白ひげ海賊団の本船、モビーディック号が壊されてしまった今、ヴェル、ビスタ、ナスリの三人は小型の海賊船に乗り込み、ニューゲー島にいたシャボン職人にコーティングしてもらい、魚人島へと向かった。

 

船の中ではビスタによるヴェルとナスリの訓練がなされていた。

 

「いいかヴェル、お前は能力に頼りすぎだ。お前の能力はオヤジのそれにも劣らない素晴らしい能力だ。使い方は色々あるし攻撃力も凄まじい。

だが、お前自身が見聞色の覇気で敵を完全に察知し、武装色の覇気で敵の覇気を打ち破らねばいかに速く動けようが、良い攻撃をしようが意味がない。」

 

「はい…。ジャックとの戦いで思い知りました。」

 

「うむ。ではまずは武装色の練習からしよう。もっとお前の武装色は強くなる余地もあるし、そうならなくてはいけない。」

 

そう言うと、ビスタは木刀をどこからか取り出し、ヴェルとその横に居たナスリに持たせた。

 

「その刀を持ち、俺と勝負しろ。俺からは攻撃しない。お前たちが俺の守りを崩すんだ。ヴェル、お前は能力を使うなよ。」

 

その言葉に戸惑うヴェルとナスリだったが、顔を見合わせた2秒後、同時に木刀を振りかぶる。ナスリも曲がりなりにも武装色を習得しており、二人共が武装色を纏っている。だが、

 

「パキッ」

 

その二本の木刀はビスタが出した二本の覇気を纏った木刀によって簡単に折れてしまった。

 

「いいか、より強くイメージするんだ。覇気を纏ってそれを硬質化し、相手の剣すらも折るようなイメージだ。
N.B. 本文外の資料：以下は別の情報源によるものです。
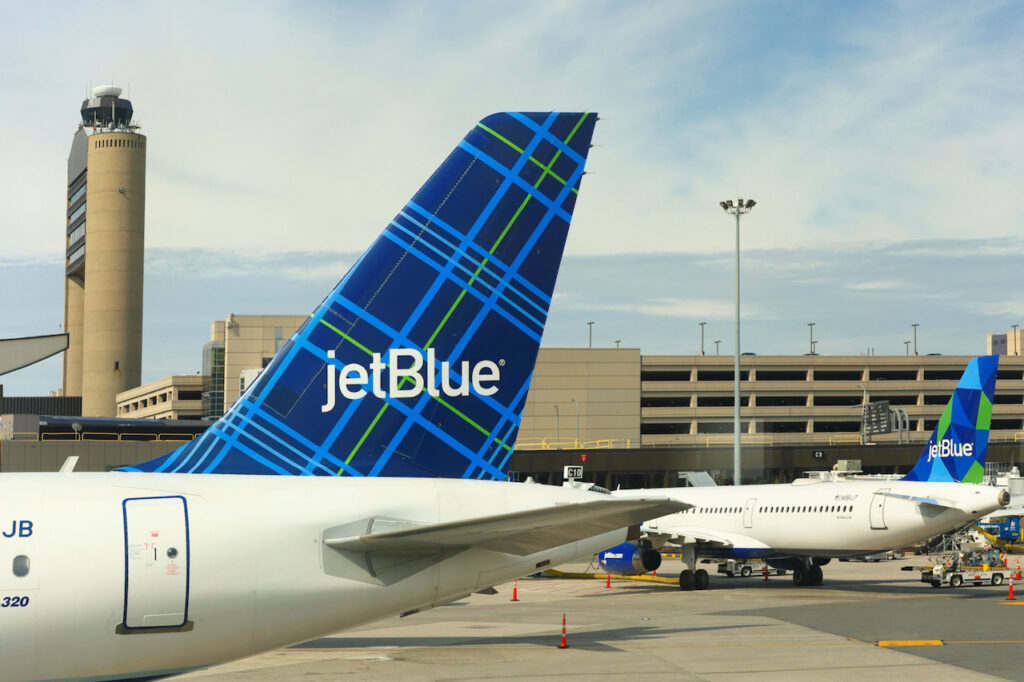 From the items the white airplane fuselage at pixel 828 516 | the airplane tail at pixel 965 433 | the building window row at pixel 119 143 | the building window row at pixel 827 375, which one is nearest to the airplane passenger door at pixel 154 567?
the white airplane fuselage at pixel 828 516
要するに覇気ってのを水だと思え。今のお前たちはそれを手を広げてすくってるんだ。それでは手の上には少ししか水は残らない。より多くの水をすくうには指と指の間隔をなるべく小さくして、手を丸めてすくう必要がある。覇気も同じだ。何の意識もせず覇気を使おうとしても、それは手を広げてすくってるに過ぎない。使える量は少量だ。より多く使うには強く意識してより多く纏うイメージとその感覚を掴むことが重要だ。」

 

こうして武装色の覇気の訓練は始まった。二人はイメージを大事にしながら木刀を振るった。この訓練のために予め木刀は船に大量に積んでいたため、訓練は捗った。また、それと同時に見聞色の覇気の訓練も開始した。見聞色の覇気の訓練は至ってシンプルだ。

 

「見聞色の覇気は武装色と違って強いとか弱いとかはない。感知できるか、できないかだけだ。これはイメージとかの問題じゃないから場数を踏むことが重要だ。今からは俺は座って目隠ししたお前たちを後ろから木刀で殴る。かわしてみろ。」

 

この訓練を始めると、ヴェルは見聞色を使えるから良いのだが、ナスリは使えない故に次々に繰り出される木刀に打ちのめされる。

 

 

「いててて…。」

 

一区切りついてナスリは幾度も繰り出された木刀の気配を感じ取れつつあった。そこでビスタはナスリに声をかける。

 

「いいか、空間を掴むんだ。言ってみれば見聞色の覇気は自分を真上から見るような、あるいは他の第三者から見るような感覚が求められる。それを意識してみろ。」

 

「はい!でも、さっきからちょっとずつ感覚が掴めつつある気がするんです。」

 

それを聞いてビスタは驚く。ヴェルの陰に隠れがちだが、ナスリもとんでもない潜在能力を秘めている。このままいけば確実に隊長クラスの強さに成長するだろう。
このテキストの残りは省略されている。